Horizontal Pod Autoscaling

Aerospike clusters can dynamically adjust, or autoscale, the number of pods based on workload demands. This ensures efficient resource usage and consistent performance as application demands change. Kubernetes provides a Horizontal Pod Autoscaler (HPA) tool for scaling workloads like Deployments, StatefulSets, or custom resources. This article explains how to use this tool in your AKO workflow. For more details, see the HPA official documentation.

The amount of demand that triggers scaling can come from a CPU or memory utilization threshold or specific Prometheus metrics that come from Aerospike. For example, you might want to trigger scaling if CPU utilization reaches a certain percentage, or if the amount of data used in an Aerospike namespace reaches a certain amount.

Each of the following sections describes one of these approaches.

Scaling on resource utilization metrics
Scaling on Prometheus metrics from Aerospike Database

Scaling on resource utilization metrics

An Aerospike cluster can be scaled based on the CPU or memory resource usage of its cluster pods.

Prerequisites

Aerospike Kubernetes Operator (AKO) 4.0 or later installed.
Aerospike Cluster: The pod spec for the Aerospike container should define CPU and memory resource requests. For more details, see the Aerospike Cluster Configuration.

Deploy HPA

Create a new YAML file to act as your HPA object. In this example, the file is hpa-cpu-scaler.yaml. You can use any name for the file.
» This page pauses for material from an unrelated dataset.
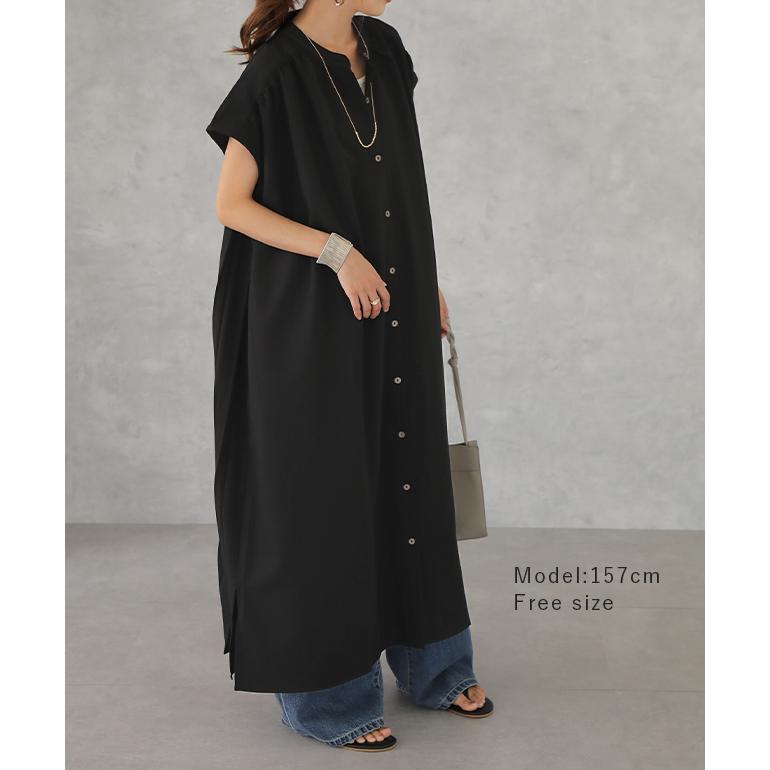 ワンピース レディース ロング シャツワンピース ロングワンピース 黒 半袖 | HUG.U | 07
Add the HPA configuration parameters to the file. The following example file instructs HPA to scale the Aerospike cluster if the average CPU usage of the aerospike-server container exceeds 60%. The spec.metrics section contains a containerResource subsection where this information is defined. The spec.scaleTargetRef.name field must reference your Aerospike Database cluster.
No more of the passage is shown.